Dans une certaine mythologie flibustière, ou encore dans des milieux d’autonomes, l’expression « Partir pour Croatan » signifie encore « quitter le monde ».
Dans TAZ, Temporary Autonomous Zones, Hakim Bey en parle comme d’une stratégie d’évitement, comme une manière de ne plus affronter l’État et ses absurdités, l’État et ses débordements, l’État et son contrôle.
Fuir, quitter, sortir.
Dans mon roman Zones 5, j’ai poussé l’idée et fait dire à mon personnage narrateur, Jappy, qu’il était devenu impossible de faire la révolution : la rhétorique gouvernementale, la logique néo-capitaliste et les rapports de force étaient devenus trop importants pour qu’on s’y perde en combats perdus d’avance. Il fallait quitter le monde, partir pour Croatan, mettre au monde une pratique de la disparition.
L’an dernier, je me suis sorti du monde pendant plus d’un mois. Cette année, je n’ai eu que trois jours. On se crée ses propres départs…

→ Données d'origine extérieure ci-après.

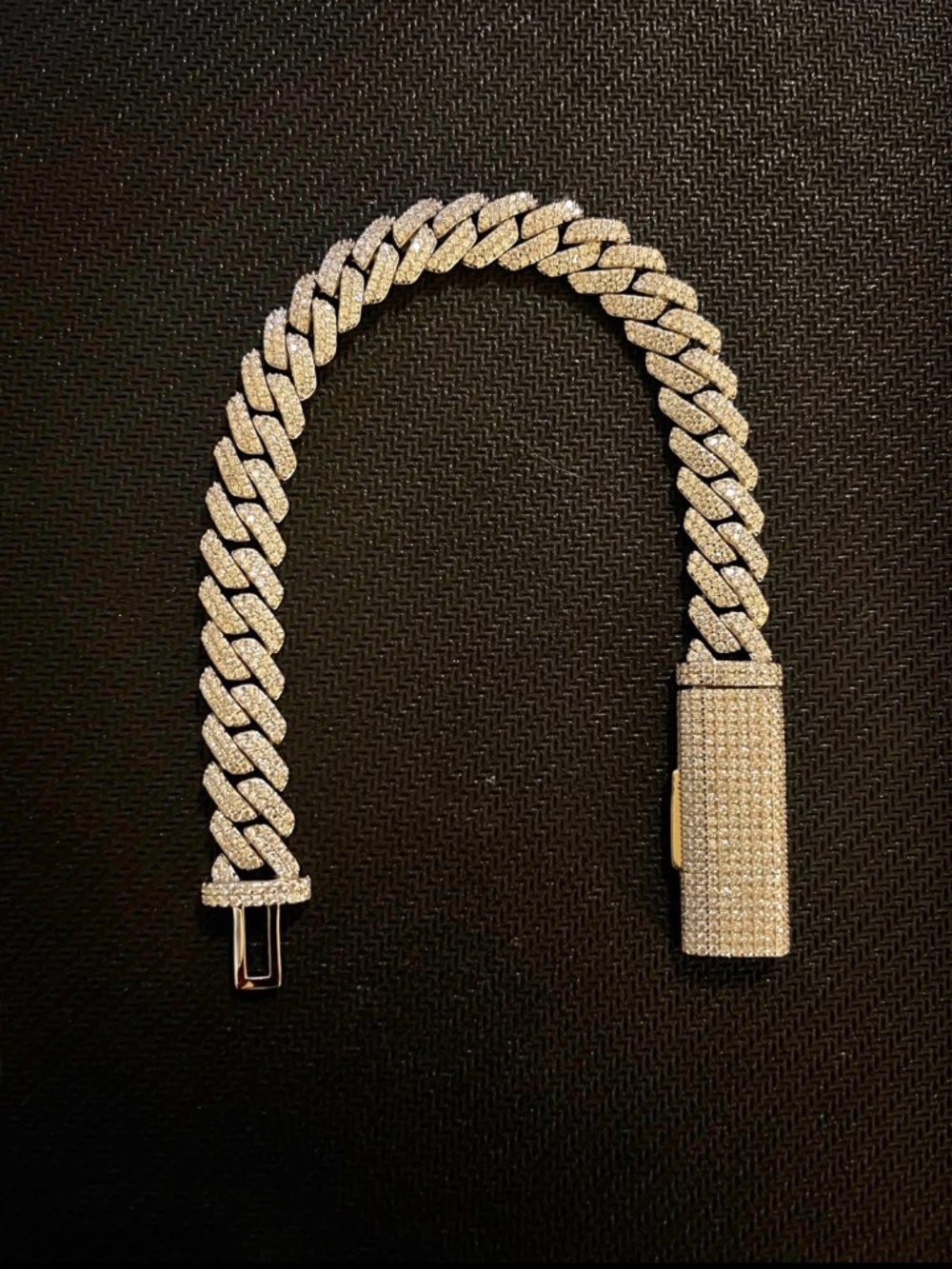 VVS1 Moissanite Cuban Bracelet - Picture 4 of 5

Dans TAZ, la lettre la plus importante est selon moi le «T». Temporary. Temporaire. Rien ne peut durer.
En écrivant cela, je pense au gouvernement Charest, tiens. Deux jours d’apparente bonne foi, une manipulation odieuse pour faire signer n’importe quoi aux porte-parole des étudiants, une crosse machiavélique pour en finir avec un conflit qui les a bien servi, quand même : depuis des mois, presque plus rien dans l’opinion publique sur la corruption, sur la grande escroquerie du Nord. Non, dans l’opinion publique, aujourd’hui, tout le monde, au sein même des familles et des groupes d’amis, tout le monde parle du conflit étudiant. Grève, boycott, violence, casseurs, juste part et enfants rois…
Une litanie indigeste qui alimente les tribunes de tous ses sophismes, de tous ses exemples de démagogie les plus malsains.
Quand je pense à Croatan, je pense aussi aux étudiants et je suis avec eux. Combattez, combattez, ne vous laissez plus faire. Y’en a marre!
Moi : partir.
Mais pour aller où?
Ne me dites pas que la France est redevenue socialiste. J’y vais bientôt et je pressens que pas grand-chose n’aura changé. On y entendra les mêmes mauvaises blagues capitalistes, on y assistera aux mêmes raccourcis rhétoriques, et on y constatera les mêmes calomnies et les mêmes logiques au pouvoir.
Comme le disaient les premiers anarchistes : nous ne devrions jamais confier notre pouvoir à d’autres. Je sais, c’est la base de la démocratie.
Est-ce ça, confirmer ses choix?
J’étais dans les bois ce weekend. Pendant la nuit, une horde de coyotes a encerclé notre campement.
C’était nettement moins effrayant que s’il s’était agi d’une meute de flics casqués.
Il n’y a pas pire prédateur pour l’homme que l’homme lui-même, surtout lorsqu’il est paddé et armé d’une matraque et de gaz et de bombes et de balles en caoutchouc...
La grève étudiante, quoiqu’il arrive, est et sera un des plus beaux moments que le Québec aura vécu.
Elle permet de voir les dirigeants sous leur vrai jour.
Elle permet de voir notre jeunesse sous son vrai jour.
Merci.
Ce matin il pleut et j’ai envie d’écrire.